Seyran Ateş: Erdoğan – der ewige Diktator

Viele witterten in der Türkei schon einen Regierungswechsel. Doch die Stichwahl gewann Amtsinhaber Recep Tayyip Erdoğan. Seyran Ateş, Rechtsanwältin, Menschenrechtsaktivistin sowie Mitbegründerin der liberalen Ibn Rushd-Goethe-Moschee in Berlin, kommentiert.

1997 zitierte Recep Tayyip Erdoğan nach einem Gedicht von Ziya Gökalp folgende Zeilen: „Die Demokratie ist nur der Zug, auf den wir aufspringen, bis wir am Ziel sind. Die Moscheen sind unsere Kasernen, die Minarette unsere Bajonette, die Moscheekuppeln unsere Helme und die Gläubigen unsere Soldaten.“

Daraufhin wurde Erdoğan wegen religiöser Volksverhetzung zu zehn Monaten Haft verurteilt, von denen er vier absitzen musste. Das machte ihn wütend, denn für ihn war das Zitat auf den Punkt gebracht seine Lebens­realität, sein Leitbild und sein größter Wunsch für „seine“ Türkei. Erdoğan war schon immer ein Islamist – und ebenso durchgehend ein ehrlicher Mann. Er hat stets angekündigt, was er als Nächstes tun wird, um die Demokratie abzuschaffen. Schritt für Schritt hat er dafür nur 20 Jahre gebraucht. 

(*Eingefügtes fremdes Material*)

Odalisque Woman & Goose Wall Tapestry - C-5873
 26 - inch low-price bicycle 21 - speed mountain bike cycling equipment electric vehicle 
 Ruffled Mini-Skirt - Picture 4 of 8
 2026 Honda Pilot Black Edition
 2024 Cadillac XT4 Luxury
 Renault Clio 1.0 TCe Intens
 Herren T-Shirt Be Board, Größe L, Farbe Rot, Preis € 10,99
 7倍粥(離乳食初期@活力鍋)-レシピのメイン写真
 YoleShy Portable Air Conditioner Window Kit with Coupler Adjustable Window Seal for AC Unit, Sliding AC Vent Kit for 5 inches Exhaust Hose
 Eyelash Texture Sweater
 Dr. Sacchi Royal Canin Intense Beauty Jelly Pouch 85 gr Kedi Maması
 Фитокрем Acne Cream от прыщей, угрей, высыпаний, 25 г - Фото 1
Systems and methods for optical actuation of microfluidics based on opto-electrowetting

Sein Kindheitstraum war es, Profi-Fußballer zu werden. Doch sein Vater hatte ihm verboten, auch nur in die Nähe eines Fußballs zu kommen. Die Enttäuschung darüber, von seinem Vater nicht gefördert zu werden, prägte ihn. Erdoğan scheint seine ganze Wut über die Religion und politische Macht zu kompensieren. 

Die Wirtschaft in der Türkei liegt am Boden. Das ganze Land ist regelrecht zerstückelt und zerrieben zwischen Fronten. Erdoğan hat inzwischen so viel Macht in allen Bereichen der Politik, Justiz und den Medien, dass die Opposition keinerlei Chance hatte. Ein Beispiel: Eine Analyse ergab, dass Erdoğan zwischen dem 1. April und dem 3. Mai dieses Jahres 48 Stunden, 45 Minuten und 53 Sekunden im türkischen Staatsfernsehen zu sehen war – sein Gegner Kemal Kiliçdaroğlu dagegen nur 32 Minuten und 23 Sekunden.

Erdoğans Motto lautet, angelehnt an das des einstigen Römischen Imperiums: Spalte und herrsche! Er sagte den Wählern sinngemäß: Ihr müsst euch entscheiden zwischen denen, die nach der gewonnenen Wahl mit Champagner anstoßen, und denen, die sich zum Dankesgebet verneigen. Dennoch gilt auch: Jedes Volk bekommt die Regierung, die es verdient!